### WORK INSTRUCTION
In full and exactly, please return the records, but keep out the pictures.

******************************

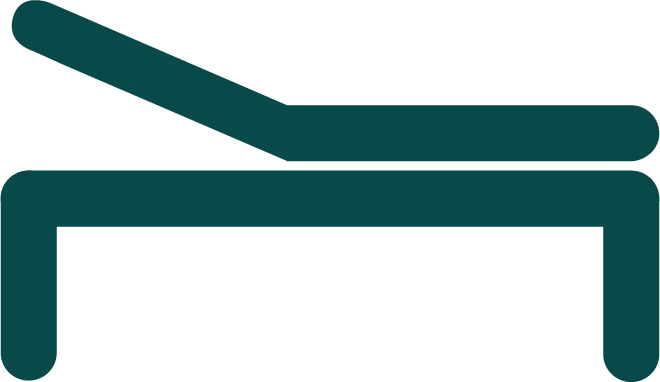 Icon of a medical bed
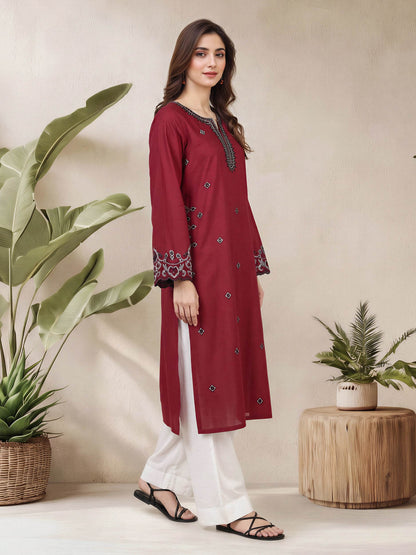 Lawn Shirt- Embroidered (Pret)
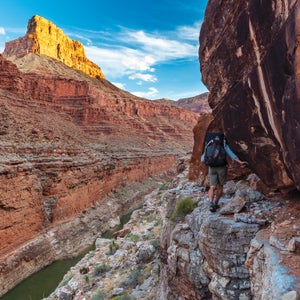 The author in the Marble Canyon section of the Grand Canyon, during the first leg of his through-hike with Pete McBride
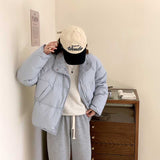 ソフトマカロンシンプルダウンジャケット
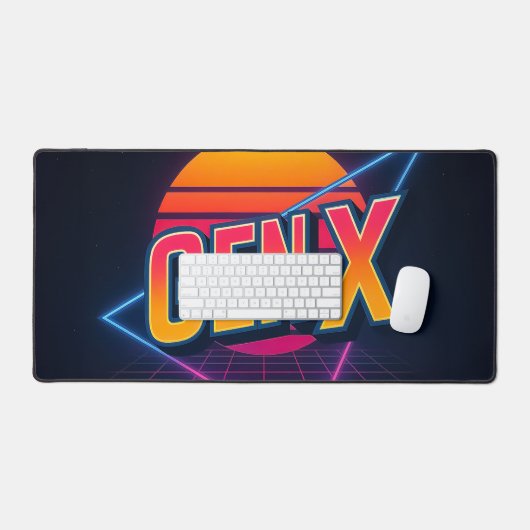 GEN X Retro 80s Bureaumat (Keyboard & Muis)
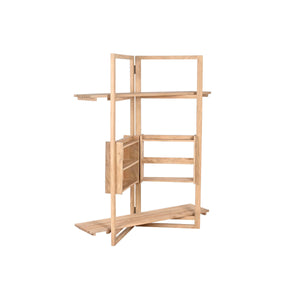 Shelves Home ESPRIT Natural Mango wood MDF Wood 130 x 35 x 160 cm-0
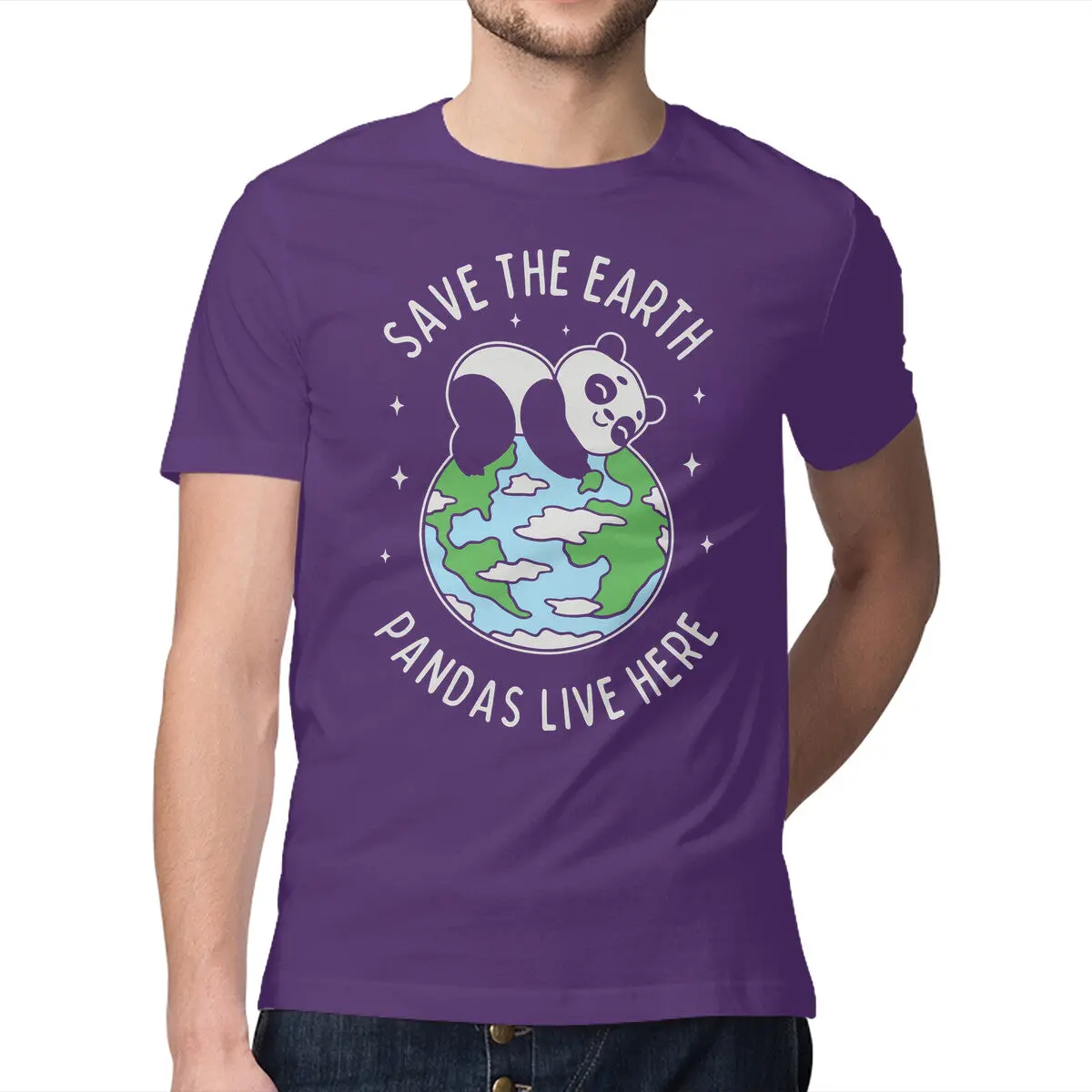 Panda Conservation Cotton T-Shirt for Men - Image 13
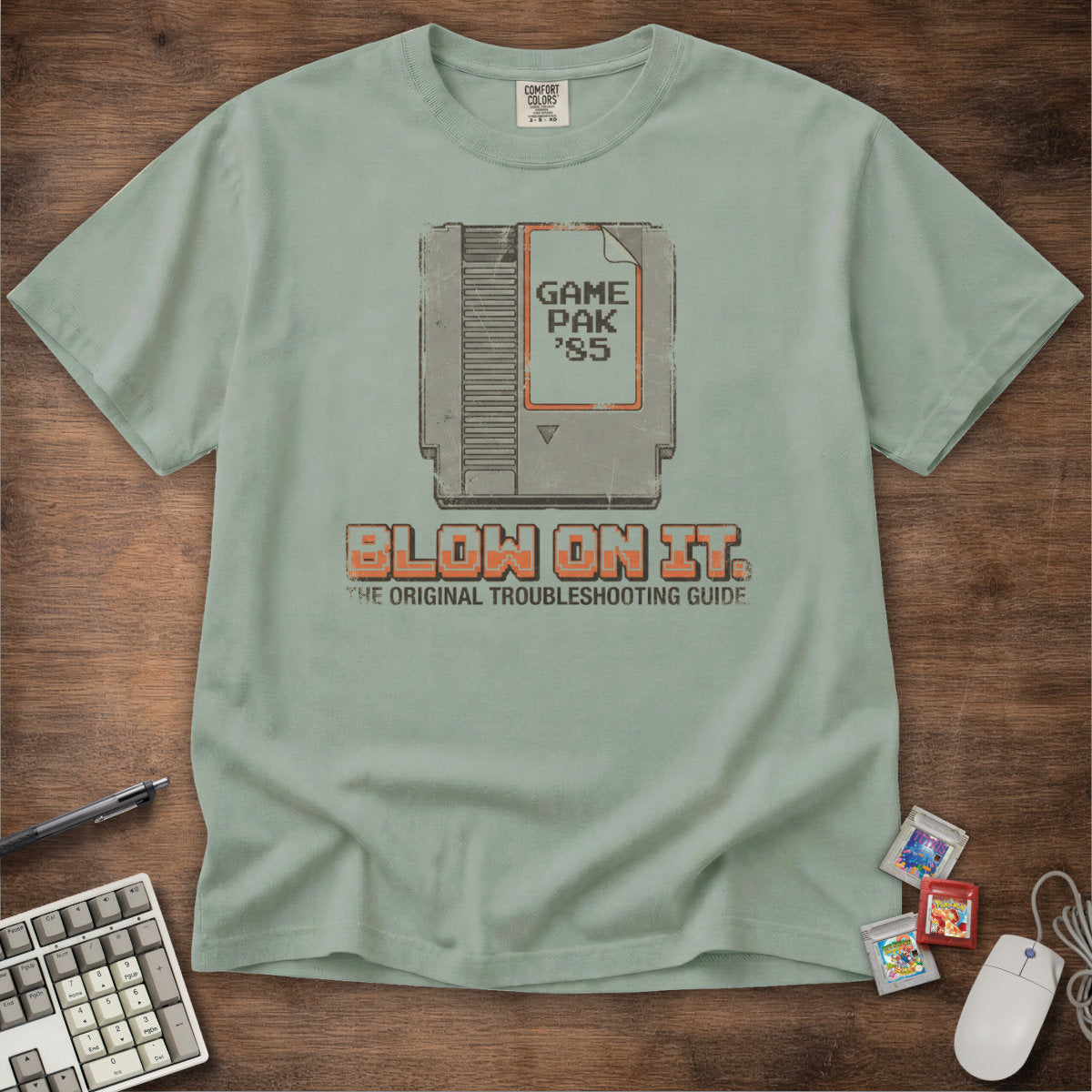 Blow On It Game Cartridge Tee
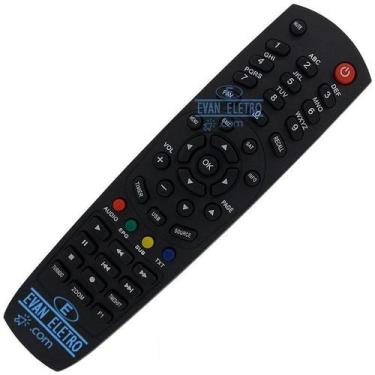 Imagem de Controle Remoto Para Receptor Phantom Ultra HD TV / Ultra HC TV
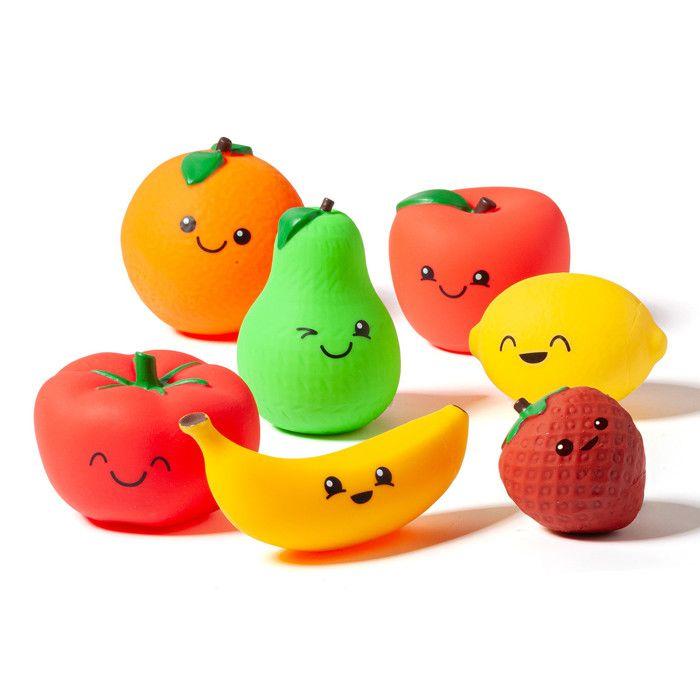 Jouet - Moltó - Fruits sensoriels souples - 7 pièces - Non toxiques - Pour bébé à partir de 3 ans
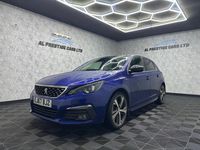 Used Peugeot 308 GT-line 2017 Blue Hatchback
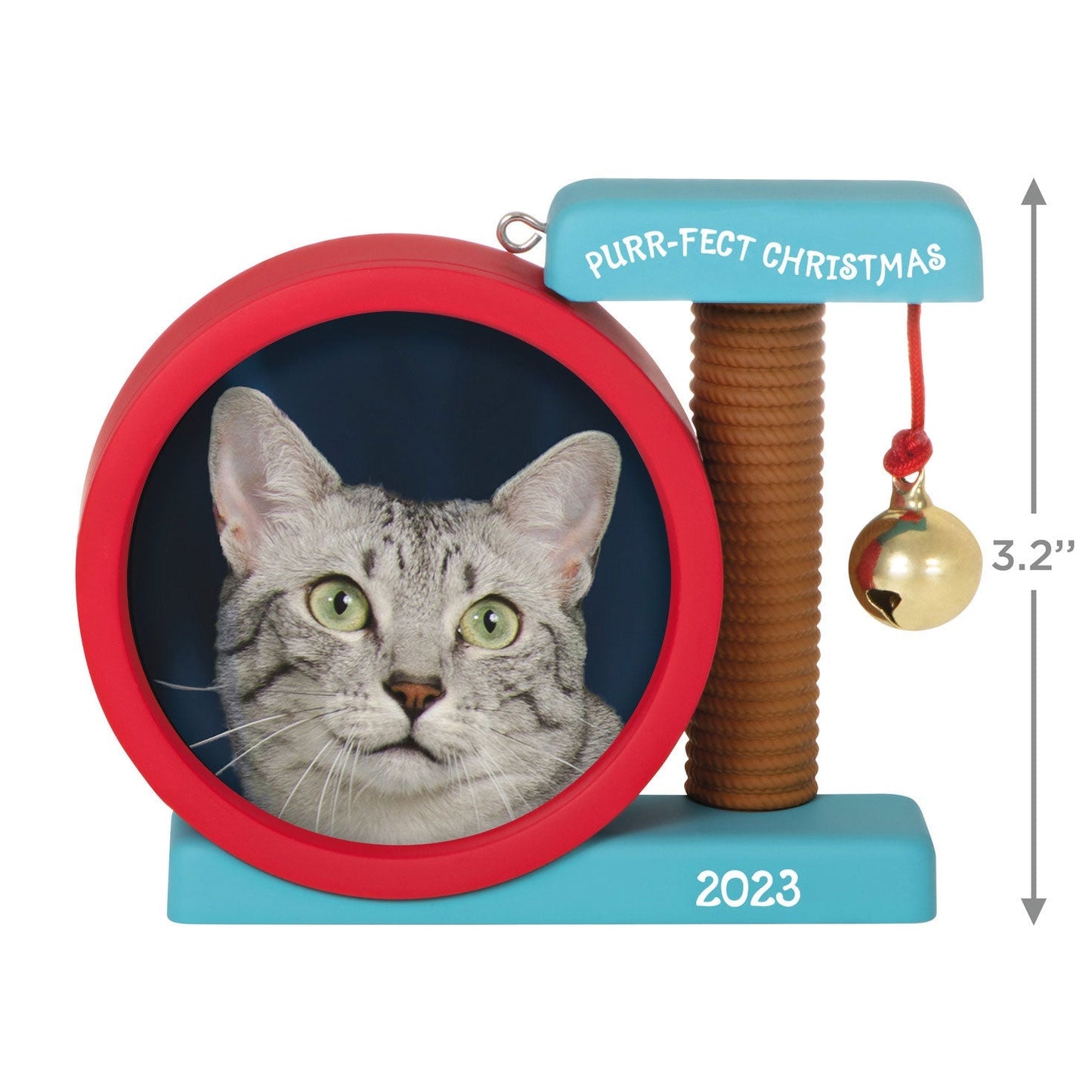 Purr fect Christmas 2023 Photo Frame, 2023 Keepsake Ornament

******************************

### SOLUTION FOR THIS EXERCISE
 Icon of a medical bed
 Lawn Shirt- Embroidered (Pret)
 The author in the Marble Canyon section of the Grand Canyon, during the first leg of his through-hike with Pete McBride
 ソフトマカロンシンプルダウンジャケット
 GEN X Retro 80s Bureaumat (Keyboard & Muis)
 Shelves Home ESPRIT Natural Mango wood MDF Wood 130 x 35 x 160 cm-0
 Panda Conservation Cotton T-Shirt for Men - Image 13
 Blow On It Game Cartridge Tee
 Imagem de Controle Remoto Para Receptor Phantom Ultra HD TV / Ultra HC TV
 Jouet - Moltó - Fruits sensoriels souples - 7 pièces - Non toxiques - Pour bébé à partir de 3 ans
 Used Peugeot 308 GT-line 2017 Blue Hatchback
 Purr fect Christmas 2023 Photo Frame, 2023 Keepsake Ornament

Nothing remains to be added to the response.